Michio Kaku: There’s a whole lore about dreaming. In fact, Sigmund Freud wrote a book called The Interpretation of Dreams which many people think is the foundation of psychoanalysis. Well scientists now have looked at Freudian psychology and the brain using all these modern techniques. And first of all we realize that perhaps Sigmund Freud wasn’t totally wrong. There are many textbooks which simply dismiss Freudian psychology calling it nuts. That is nothing but the sexual fantasies of a repressed Venetian scientist of the last century. But now we realize there’s more to it. First of all the unconscious mind. We can actually see the brain in motion and we realize that much of the activity is totally unconscious. Just like what Freud predicted.

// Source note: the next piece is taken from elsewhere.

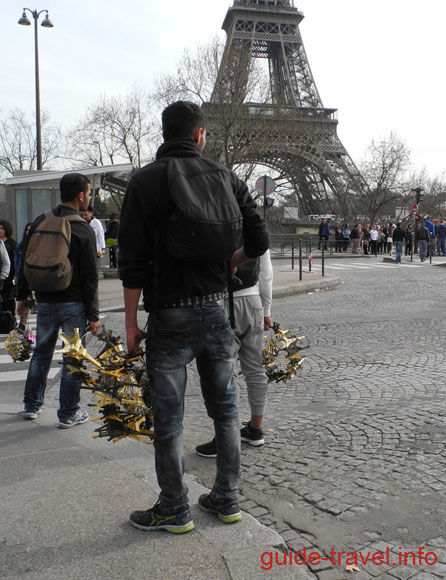 Париж 2017 - торговцы Эйфелевыми башнями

And Freud also said there is the ego, the id and the superego, that we are in a constant battle with our desires and our conscious. And we see that now with brain scans. The ego is basically your prefrontal cortex. That is who you are. When you wonder where am I anyway. Well, you’re right there. You are sitting right behind your forehead. And then your desires. We see the pleasure center right there at the center of the brain. That is the libido. We see where the pleasure center is located. And then your conscience is right behind your eyes. The orbital frontal cortex right behind your eyes is where your conscience is. And so we actually see that in motion.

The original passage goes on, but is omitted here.